**Working data**:

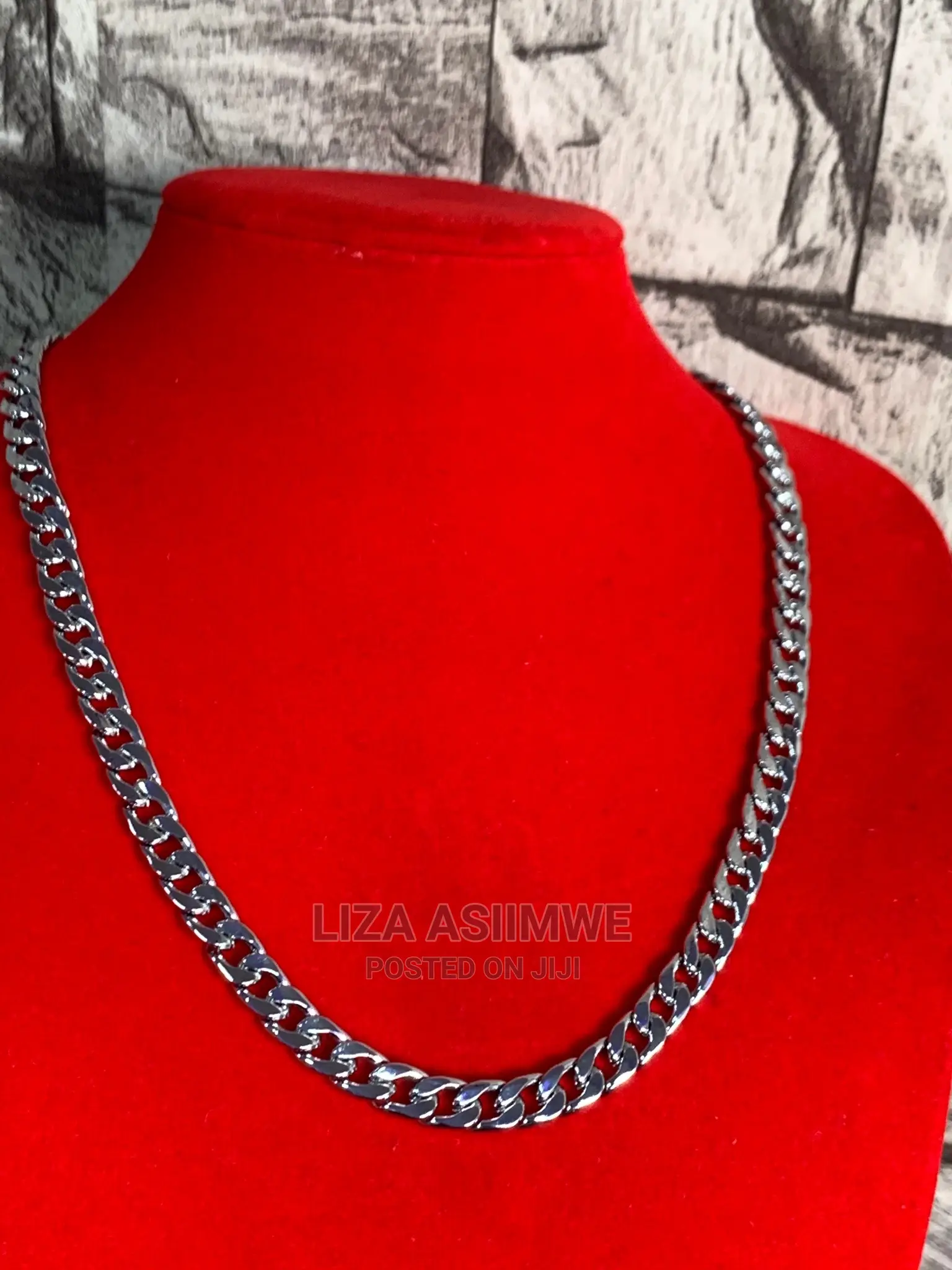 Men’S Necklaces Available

==

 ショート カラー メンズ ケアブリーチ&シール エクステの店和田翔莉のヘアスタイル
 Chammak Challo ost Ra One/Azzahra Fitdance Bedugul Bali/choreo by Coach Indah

...

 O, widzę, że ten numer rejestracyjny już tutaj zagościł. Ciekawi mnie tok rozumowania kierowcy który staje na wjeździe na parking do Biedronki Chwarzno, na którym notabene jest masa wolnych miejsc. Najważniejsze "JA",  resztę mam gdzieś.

**The problem**:
Copy out, word for word, the part of the entries above that begins at the line with "ショート カラー メンズ ケアブリーチ&シール エクステの店和田翔莉のヘアスタイル" and ends at the line with "Chammak Challo ost", including both.

**Answer to the exercise**:
 ショート カラー メンズ ケアブリーチ&シール エクステの店和田翔莉のヘアスタイル
 Chammak Challo ost Ra One/Azzahra Fitdance Bedugul Bali/choreo by Coach Indah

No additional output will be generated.